If a property is tunable, you can change its value at any time.

For more information on changing property values, see System Design in MATLAB Using System Objects.

Averaging method, specified as "Sliding window" or "Exponential weighting".

  • "Sliding window" — A window of length specified by SpecifyWindowLength is moved over the input data along each channel. For every sample the window moves by, the object computes the average over the data in the window.

  • "Exponential weighting" — The object multiplies the samples with a set of weighting factors. The magnitude of the weighting factors decreases exponentially as the age of the data increases, never reaching zero. To compute the average, the algorithm sums the weighted data.

For more details on these methods, see Algorithms.

Flag to specify a window length, specified as a scalar boolean.

  • true — The length of the sliding window is equal to the value you specify in the WindowLength property.

  • false — The length of the sliding window is infinite. In this mode, the average is computed using the current sample and all the past samples.

Dependencies

This property applies when you set Method to "Sliding window".

Since R2026a

Source of the window length, specified as one of these:

  • "Property" –– Specify the window length using the WindowLength property.

  • "Input port" –– Specify the window length as an input argument.

Dependencies

To enable this property, set:

  • Method to "Sliding window".

  • SpecifyWindowLength to true.

Data Types: char | string

Length of the sliding window in samples, specified as a positive integer that is less than or equal to the value you specify in the MaxWindowLength property.

Dependencies

To enable this property, set:

  • Method to "Sliding window".

  • SpecifyWindowLength to true.

  • WindowLengthSource to "Property". (since R2026a)

Data Types: single | double | int8 | int16 | int32 | int64 | uint8 | uint16 | uint32 | uint64

Since R2026a

Maximum length of the sliding window in samples, specified as a positive integer.

Dependencies

To enable this property, set:

  • Method to "Sliding window".

  • SpecifyWindowLength to true.

  • WindowLengthSource to "Input port".

Data Types: single | double | int8 | int16 | int32 | int64 | uint8 | uint16 | uint32 | uint64

Overlap length between sliding windows, specified as a nonnegative integer.
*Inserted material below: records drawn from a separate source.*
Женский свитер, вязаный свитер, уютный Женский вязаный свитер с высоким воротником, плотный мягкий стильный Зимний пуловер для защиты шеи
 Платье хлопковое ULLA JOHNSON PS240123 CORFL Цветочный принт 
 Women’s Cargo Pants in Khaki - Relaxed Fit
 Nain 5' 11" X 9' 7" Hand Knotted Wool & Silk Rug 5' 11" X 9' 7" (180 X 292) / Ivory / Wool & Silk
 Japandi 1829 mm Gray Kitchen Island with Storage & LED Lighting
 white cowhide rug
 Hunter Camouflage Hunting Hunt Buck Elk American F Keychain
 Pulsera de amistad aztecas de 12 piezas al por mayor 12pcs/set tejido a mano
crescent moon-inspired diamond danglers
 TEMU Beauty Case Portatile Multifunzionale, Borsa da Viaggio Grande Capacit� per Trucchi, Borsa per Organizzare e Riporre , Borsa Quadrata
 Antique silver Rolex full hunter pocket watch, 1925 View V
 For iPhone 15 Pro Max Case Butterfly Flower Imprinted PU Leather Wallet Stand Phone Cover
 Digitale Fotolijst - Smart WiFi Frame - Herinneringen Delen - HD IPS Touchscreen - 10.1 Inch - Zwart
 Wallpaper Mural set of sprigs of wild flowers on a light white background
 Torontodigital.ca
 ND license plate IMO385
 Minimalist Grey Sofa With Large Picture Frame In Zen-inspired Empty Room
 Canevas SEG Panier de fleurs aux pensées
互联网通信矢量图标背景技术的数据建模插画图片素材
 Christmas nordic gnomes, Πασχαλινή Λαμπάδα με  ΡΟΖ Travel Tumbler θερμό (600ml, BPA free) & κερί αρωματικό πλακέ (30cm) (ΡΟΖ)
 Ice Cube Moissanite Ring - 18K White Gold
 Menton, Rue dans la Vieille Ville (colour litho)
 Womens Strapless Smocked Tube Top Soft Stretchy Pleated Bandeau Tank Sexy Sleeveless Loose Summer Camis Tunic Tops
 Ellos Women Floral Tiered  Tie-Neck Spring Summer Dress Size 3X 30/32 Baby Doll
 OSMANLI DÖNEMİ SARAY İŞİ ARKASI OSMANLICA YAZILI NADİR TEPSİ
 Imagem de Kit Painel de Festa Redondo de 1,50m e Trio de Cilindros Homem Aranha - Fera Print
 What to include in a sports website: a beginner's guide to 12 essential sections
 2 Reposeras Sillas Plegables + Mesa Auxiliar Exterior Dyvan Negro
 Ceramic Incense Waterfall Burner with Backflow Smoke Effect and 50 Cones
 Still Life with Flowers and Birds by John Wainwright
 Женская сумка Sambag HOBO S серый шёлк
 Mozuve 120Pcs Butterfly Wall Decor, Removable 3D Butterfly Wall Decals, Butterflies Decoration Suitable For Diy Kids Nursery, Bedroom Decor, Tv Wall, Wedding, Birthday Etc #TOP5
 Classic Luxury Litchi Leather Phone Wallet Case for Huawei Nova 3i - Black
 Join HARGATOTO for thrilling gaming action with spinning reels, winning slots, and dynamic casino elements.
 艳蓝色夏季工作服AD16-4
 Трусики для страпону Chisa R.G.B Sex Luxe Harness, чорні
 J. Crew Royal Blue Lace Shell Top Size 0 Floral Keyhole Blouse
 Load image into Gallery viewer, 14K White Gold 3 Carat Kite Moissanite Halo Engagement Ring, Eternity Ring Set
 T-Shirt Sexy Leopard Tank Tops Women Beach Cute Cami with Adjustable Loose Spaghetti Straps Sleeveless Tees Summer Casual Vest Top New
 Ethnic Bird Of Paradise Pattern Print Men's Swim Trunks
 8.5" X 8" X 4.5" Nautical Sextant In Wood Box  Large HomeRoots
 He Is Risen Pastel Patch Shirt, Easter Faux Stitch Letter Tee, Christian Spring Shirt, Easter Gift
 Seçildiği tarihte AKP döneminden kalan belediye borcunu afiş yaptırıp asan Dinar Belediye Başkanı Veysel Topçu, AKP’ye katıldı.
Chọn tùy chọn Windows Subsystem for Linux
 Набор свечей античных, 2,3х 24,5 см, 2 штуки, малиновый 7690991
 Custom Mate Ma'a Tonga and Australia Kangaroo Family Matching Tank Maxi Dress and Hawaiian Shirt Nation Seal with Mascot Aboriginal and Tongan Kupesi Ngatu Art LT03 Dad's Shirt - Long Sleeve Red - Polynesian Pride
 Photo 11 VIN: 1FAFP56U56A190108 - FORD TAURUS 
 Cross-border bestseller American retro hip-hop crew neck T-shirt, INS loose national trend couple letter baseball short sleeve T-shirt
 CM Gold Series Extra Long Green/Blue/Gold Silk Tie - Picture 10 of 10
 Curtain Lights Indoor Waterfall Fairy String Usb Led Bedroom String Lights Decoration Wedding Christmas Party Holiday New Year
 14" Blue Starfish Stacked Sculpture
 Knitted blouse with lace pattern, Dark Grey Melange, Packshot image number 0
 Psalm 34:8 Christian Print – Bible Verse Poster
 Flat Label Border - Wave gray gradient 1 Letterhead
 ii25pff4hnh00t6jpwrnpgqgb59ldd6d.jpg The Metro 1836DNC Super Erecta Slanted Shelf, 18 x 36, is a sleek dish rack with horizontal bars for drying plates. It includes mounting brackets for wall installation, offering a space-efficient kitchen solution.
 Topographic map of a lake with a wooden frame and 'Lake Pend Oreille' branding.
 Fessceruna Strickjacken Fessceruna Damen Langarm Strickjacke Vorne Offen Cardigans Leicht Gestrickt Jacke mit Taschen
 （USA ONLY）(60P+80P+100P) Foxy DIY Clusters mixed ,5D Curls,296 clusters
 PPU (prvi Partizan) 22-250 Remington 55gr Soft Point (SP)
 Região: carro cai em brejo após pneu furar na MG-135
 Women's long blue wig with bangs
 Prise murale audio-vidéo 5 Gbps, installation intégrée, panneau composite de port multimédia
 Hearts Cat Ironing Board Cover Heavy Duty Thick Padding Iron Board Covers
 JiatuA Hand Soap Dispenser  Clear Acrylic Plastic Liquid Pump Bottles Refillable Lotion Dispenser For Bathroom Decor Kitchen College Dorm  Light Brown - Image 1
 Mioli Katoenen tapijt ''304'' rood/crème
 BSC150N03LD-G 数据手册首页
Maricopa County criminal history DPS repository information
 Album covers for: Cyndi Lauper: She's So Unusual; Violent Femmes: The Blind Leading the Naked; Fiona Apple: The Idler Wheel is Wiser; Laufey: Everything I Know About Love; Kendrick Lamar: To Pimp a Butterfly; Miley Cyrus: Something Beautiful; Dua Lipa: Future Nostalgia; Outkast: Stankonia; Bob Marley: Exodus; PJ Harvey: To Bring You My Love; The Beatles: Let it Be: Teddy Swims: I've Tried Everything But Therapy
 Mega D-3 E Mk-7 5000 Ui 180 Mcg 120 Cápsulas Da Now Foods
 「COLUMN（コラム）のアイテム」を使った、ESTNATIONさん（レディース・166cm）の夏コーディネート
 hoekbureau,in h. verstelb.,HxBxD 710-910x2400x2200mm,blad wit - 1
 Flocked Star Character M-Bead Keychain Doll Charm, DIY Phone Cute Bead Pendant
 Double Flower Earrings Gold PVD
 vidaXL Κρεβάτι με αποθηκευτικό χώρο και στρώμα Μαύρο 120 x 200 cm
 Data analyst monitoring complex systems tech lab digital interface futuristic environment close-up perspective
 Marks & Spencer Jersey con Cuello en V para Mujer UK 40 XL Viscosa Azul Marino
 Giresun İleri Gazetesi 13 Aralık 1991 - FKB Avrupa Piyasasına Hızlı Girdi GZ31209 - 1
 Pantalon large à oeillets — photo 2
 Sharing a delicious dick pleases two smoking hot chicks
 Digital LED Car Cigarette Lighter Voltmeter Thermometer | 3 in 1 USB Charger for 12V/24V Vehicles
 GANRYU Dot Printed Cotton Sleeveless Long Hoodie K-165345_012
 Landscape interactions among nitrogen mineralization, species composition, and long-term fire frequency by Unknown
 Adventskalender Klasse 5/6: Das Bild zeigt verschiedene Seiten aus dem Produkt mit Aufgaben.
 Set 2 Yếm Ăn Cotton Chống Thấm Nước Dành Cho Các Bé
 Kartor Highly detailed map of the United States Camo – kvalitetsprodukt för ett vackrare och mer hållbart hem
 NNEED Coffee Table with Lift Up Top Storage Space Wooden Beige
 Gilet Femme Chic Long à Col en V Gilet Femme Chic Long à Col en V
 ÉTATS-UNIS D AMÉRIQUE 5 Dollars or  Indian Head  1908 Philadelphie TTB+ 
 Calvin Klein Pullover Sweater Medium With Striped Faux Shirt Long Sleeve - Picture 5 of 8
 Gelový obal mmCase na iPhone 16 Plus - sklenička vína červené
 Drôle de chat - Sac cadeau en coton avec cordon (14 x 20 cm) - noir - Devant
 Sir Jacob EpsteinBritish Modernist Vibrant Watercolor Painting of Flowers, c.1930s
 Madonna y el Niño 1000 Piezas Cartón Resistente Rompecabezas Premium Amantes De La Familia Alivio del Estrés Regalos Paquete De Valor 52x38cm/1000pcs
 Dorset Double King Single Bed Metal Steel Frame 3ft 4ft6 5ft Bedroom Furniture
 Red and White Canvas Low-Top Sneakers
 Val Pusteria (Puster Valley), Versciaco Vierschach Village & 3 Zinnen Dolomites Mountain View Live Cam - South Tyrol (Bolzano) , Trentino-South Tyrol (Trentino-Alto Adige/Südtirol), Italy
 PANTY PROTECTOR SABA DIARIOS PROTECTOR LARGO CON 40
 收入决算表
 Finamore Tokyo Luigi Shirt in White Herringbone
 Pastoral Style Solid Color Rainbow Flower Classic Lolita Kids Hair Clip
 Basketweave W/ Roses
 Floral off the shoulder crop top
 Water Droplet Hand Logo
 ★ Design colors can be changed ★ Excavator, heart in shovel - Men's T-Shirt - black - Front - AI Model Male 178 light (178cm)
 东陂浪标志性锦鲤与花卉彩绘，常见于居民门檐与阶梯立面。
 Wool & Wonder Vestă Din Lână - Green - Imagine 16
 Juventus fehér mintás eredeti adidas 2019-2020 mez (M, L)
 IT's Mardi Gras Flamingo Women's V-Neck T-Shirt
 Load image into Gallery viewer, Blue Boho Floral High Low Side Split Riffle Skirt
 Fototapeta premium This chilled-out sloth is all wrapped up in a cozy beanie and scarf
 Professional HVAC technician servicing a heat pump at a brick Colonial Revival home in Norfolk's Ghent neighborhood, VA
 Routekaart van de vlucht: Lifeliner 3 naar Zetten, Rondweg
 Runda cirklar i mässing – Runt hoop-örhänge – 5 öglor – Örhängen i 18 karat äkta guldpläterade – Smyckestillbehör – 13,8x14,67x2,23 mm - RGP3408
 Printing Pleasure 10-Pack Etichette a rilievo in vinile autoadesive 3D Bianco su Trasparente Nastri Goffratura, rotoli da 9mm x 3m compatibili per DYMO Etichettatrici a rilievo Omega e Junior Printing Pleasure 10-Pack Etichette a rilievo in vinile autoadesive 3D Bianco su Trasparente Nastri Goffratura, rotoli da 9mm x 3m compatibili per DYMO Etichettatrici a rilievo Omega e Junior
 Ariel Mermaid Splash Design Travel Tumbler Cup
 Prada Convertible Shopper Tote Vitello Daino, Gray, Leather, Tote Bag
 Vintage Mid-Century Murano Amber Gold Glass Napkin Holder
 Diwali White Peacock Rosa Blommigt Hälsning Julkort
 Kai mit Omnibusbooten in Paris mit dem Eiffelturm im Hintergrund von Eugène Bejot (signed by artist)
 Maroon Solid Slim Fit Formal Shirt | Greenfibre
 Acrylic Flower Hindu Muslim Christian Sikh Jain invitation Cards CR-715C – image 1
The value of overlap length varies in the range [0, WindowLength − 1]. If not specified, the overlap length is WindowLength − 1.

When you set the WindowLengthSource property to "Input port", the object assumes an overlap length of WindowLength − 1 and provides one sample of output for every sample of input. (since R2026a)

Dependencies

To enable this property, set:

  • Method to "Sliding window".

  • SpecifyWindowLength to true.

  • WindowLengthSource to "Property". (since R2026a)

Data Types: single | double | int8 | int16 | int32 | int64 | uint8 | uint16 | uint32 | uint64

Exponential weighting factor, specified as a non-negative real scalar in the range [0,1]. A forgetting factor of 0.9 gives more weight to the older data than does a forgetting factor of 0.1. A forgetting factor of 1.0 indicates infinite memory and all the past samples are given an equal weight. A forgetting factor of 0 indicates no memory and the past samples have no weight on the current computation.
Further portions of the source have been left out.